“The only pepper I cannot abide is a green pepper,” the cookbook author Nigella Lawson once wrote, aptly calling out the fruit’s bitter, undeveloped flavor.
“In an emergency,” she recently told me, “I can eat grilled or pan-cooked green bell peppers, as the heat and char give them a more balanced flavor, but they do really still taste underripe to me.”
It’s understandable. Next to its older siblings in blazing red, orange and yellow, the green bell pepper has never had the best reputation.

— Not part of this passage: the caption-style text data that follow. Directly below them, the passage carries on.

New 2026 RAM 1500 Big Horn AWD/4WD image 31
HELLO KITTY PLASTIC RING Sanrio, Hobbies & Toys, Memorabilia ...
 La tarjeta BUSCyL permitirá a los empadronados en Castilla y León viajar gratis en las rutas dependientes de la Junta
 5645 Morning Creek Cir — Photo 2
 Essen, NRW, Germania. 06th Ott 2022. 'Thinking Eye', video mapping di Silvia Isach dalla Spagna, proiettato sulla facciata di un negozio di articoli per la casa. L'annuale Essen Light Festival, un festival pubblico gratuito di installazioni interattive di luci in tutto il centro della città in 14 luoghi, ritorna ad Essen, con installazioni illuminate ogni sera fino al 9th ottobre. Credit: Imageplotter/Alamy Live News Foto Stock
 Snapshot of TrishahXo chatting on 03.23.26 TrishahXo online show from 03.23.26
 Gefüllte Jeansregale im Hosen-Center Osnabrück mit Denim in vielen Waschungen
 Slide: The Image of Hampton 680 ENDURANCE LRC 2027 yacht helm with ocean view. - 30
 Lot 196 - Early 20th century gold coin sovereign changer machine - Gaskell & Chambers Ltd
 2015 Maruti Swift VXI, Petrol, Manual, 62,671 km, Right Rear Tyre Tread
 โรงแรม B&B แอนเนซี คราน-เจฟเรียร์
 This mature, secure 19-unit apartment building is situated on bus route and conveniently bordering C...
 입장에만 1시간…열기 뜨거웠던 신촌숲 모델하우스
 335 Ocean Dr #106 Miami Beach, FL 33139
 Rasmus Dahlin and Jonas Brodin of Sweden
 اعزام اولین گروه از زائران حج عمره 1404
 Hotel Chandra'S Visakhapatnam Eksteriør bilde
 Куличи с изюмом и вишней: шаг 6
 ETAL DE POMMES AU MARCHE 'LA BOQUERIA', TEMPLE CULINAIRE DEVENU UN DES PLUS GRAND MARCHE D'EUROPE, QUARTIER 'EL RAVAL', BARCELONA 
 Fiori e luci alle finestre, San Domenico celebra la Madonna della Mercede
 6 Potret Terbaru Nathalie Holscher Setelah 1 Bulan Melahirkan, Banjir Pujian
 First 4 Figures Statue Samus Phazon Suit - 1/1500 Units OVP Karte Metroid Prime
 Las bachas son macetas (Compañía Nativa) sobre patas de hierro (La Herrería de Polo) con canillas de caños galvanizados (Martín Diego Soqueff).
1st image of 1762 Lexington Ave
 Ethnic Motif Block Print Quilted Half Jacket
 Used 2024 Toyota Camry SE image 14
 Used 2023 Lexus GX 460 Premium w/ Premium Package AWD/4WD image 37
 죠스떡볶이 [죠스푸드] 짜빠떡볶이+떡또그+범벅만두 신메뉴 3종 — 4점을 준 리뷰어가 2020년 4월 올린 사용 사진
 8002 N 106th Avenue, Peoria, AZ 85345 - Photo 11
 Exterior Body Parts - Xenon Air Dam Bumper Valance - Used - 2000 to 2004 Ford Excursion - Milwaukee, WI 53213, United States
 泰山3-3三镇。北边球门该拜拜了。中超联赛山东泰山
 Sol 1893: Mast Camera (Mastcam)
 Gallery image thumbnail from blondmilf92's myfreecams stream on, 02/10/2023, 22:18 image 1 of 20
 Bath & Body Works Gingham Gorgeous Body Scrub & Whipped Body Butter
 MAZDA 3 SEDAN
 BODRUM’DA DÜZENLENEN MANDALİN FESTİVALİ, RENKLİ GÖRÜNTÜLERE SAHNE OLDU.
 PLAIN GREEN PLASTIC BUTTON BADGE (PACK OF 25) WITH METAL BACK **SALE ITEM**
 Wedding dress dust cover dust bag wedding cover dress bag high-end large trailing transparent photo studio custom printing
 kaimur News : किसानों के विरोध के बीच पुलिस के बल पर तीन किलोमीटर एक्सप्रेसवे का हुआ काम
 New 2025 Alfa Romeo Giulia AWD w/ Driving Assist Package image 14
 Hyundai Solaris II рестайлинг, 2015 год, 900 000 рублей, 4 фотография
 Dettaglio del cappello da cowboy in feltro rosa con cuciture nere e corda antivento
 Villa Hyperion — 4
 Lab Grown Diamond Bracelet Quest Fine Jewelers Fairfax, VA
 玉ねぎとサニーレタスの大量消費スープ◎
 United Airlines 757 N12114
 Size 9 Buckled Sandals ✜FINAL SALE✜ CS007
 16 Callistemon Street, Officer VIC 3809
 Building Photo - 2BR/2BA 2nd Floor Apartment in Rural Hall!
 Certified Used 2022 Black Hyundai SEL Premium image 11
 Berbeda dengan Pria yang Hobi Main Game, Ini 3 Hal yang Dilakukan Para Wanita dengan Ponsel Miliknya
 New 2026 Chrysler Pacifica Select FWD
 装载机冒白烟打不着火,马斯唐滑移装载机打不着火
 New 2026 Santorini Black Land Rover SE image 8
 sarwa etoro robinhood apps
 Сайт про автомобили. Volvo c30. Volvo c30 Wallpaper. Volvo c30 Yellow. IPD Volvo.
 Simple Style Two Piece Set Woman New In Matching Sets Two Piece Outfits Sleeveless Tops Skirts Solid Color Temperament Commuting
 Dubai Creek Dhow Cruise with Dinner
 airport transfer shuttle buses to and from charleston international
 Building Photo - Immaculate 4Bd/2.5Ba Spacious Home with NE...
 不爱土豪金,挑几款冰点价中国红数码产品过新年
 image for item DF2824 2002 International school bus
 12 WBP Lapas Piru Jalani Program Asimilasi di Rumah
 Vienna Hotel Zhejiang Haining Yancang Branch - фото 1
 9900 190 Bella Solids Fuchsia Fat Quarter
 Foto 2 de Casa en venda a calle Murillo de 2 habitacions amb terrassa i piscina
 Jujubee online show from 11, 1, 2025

But, if you’re trying to capture the edge of bitterness, where savory and sweet intermingle, then the green pepper might be your ideal implement. That in-between flavor can be used to your advantage, whether infusing a gin cocktail with a vegetal aroma or lending clarity and balance in flavor bases, like sofrito, epis and the “holy trinity” of onion, pepper and celery in Cajun and Louisiana Creole cooking.
Perhaps the one dish where the diner must confront the unripe pepper head-on is pepper steak. For many Americans, what comes to mind is the saucy beef stir-fry seen on takeout menus and strewn with crunchy panels of Christmassy red and green bell peppers.
But in the Chinese culinary canon, peppery beef dishes take at least a couple of other forms. There’s a Cantonese-style banquet staple of beef punctuated with black pepper or a homey stir-fry of thin matchsticks of beef, with long hot peppers (which, contrary to their name, actually have a gentle, moderate heat). Sometimes called “shredded beef” on menus, it’s a dish that Sarah Leung, one-fourth of the power family behind the Woks of Life blog and cookbook, has seen linked to Sichuan and Fujian cuisines.
The Chinese American pepper steak, she said, “feels like a culmination of all of those influences.” The Leungs — Sarah, Kaitlin, Bill and Judy — published their first proper pepper steak recipe only recently, in April, using oyster sauce, chicken stock and red bell peppers in addition to the green.
What all these beef and pepper dishes have in common, ultimately, is their reliance on just a handful of impactful ingredients to flavor the meat, including the bell pepper, which lends its grassy (in a good way) fragrance to the sauce. In this interpretation, thin slices of flank or skirt steak, marinated in a simple, pared-down mix of soy sauce, honey and black pepper, cook up gloriously soft, caramelized and burnished.
The stir-frying is easy: A couple of minutes on high heat is all you need to sear the steak, plus enough fire under the wok or skillet to blister onions and the peppers’ delicate skins. (Look for “little brown dots,” Ms. Leung said.)
Handled like this, just charred but still crunchy within, a green bell pepper can positively gleam.